- Born: 1943 (age 82–83) St. Louis, Missouri, USA
- Education: Harvard University
- Occupations: Historian, author, educator
- Spouse(s): Ann Douglas ​ ​(m. 1965, divorced)​ Elizabeth A. Fenn ​(m. 1999)​
- Genre: American history
- Subjects: Black diaspora, African American history
- Notable work: Black Majority (1974)

= Peter H. Wood =

American historian (born 1943)

Peter Hutchins Wood (born 1943 in St. Louis, Missouri) is an American historian and author of Black Majority: Negroes in Colonial South Carolina from 1670 through the Stono Rebellion (1974). It is one of the most influential books on the history of the American South of the past 50 years.

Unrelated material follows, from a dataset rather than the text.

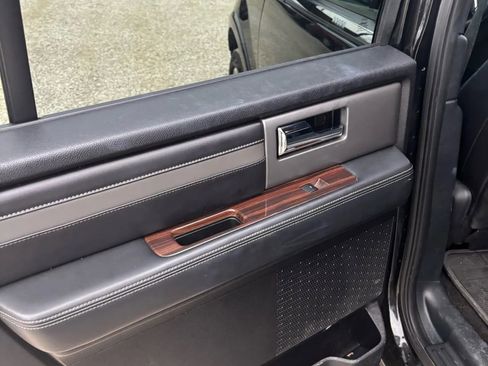 Used 2015 Ford Expedition Platinum image 17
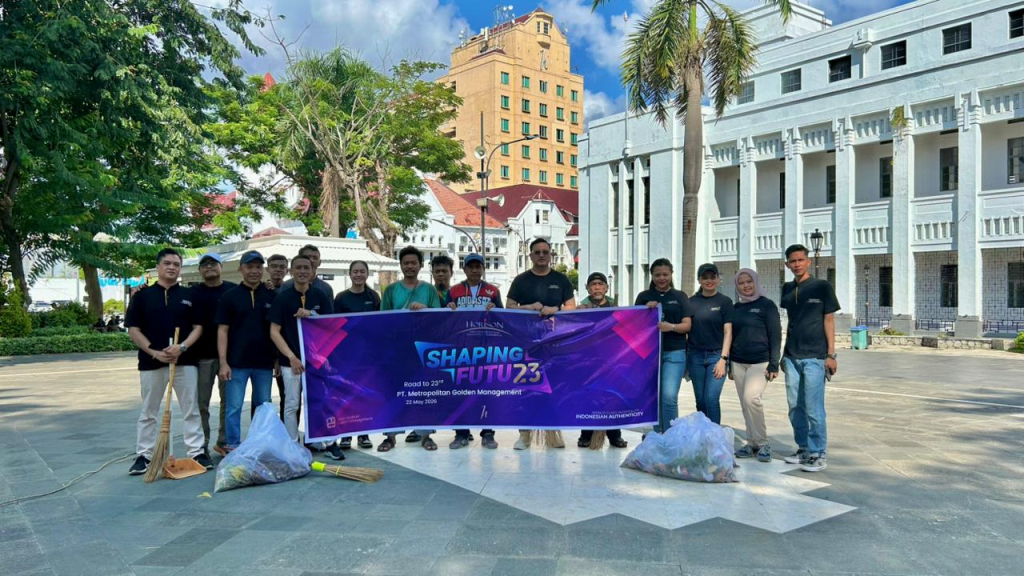 Apresiasi Penjaga Kenyamanan Kota Lama, Horison Arcadia Heritage Berbagi Makanan dan Ikut Aksi Bersih-Bersih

A former professor at Duke University in North Carolina, Wood is an adjunct professor in the History Department at the University of Colorado Boulder, where his wife, Elizabeth A. Fenn is a professor emeritus in the History Department.

==Early life and education==
The son of Barry Wood and Mary Lee Wood, Peter H. Wood was educated at the Gilman School in Baltimore, Maryland, and Harvard University. He studied at Oxford University as a Rhodes Scholar and returned to Harvard for a Ph.D. He played lacrosse while an undergraduate at Harvard and later at Oxford.

Wood wrote the original version of Black Majority: Negroes in Colonial South Carolina from 1670 through the Stono Rebellion as his Ph.D. dissertation, which won the Albert J. Beveridge Award of the American Historical Association. Published in 1974, it was part of major revisions in the ways historians studied African-American history and American slavery in particular.

==African rice thesis==

In Black Majority: Negroes in Colonial South Carolina from 1670 through the Stono Rebellion (1974), Wood showed that South Carolina rice planters during the Colonial Era enslaved Africans specifically from the "Rice Coast" of West Africa because of their expertise in rice cultivation and its technology. The African region stretched between what is now Senegal and Gambia in the north to Sierra Leone and Liberia in the south. African farmers in that region had been growing indigenous African rice for thousands of years and were experts in cultivating the difficult crop. They were also familiar with Asian rice, having obtained it via the trans-Saharan trade or through contact with early Portuguese shippers. Wood demonstrated that Africans from the Rice Coast brought the knowledge and technical skills to develop extensive cultivation that made rice one of the most lucrative industries in early America. They knew how to design and build the major earthworks: dams and irrigation systems for flooding and draining fields, that supported rice culture, as well as techniques for cultivation, harvesting and processing.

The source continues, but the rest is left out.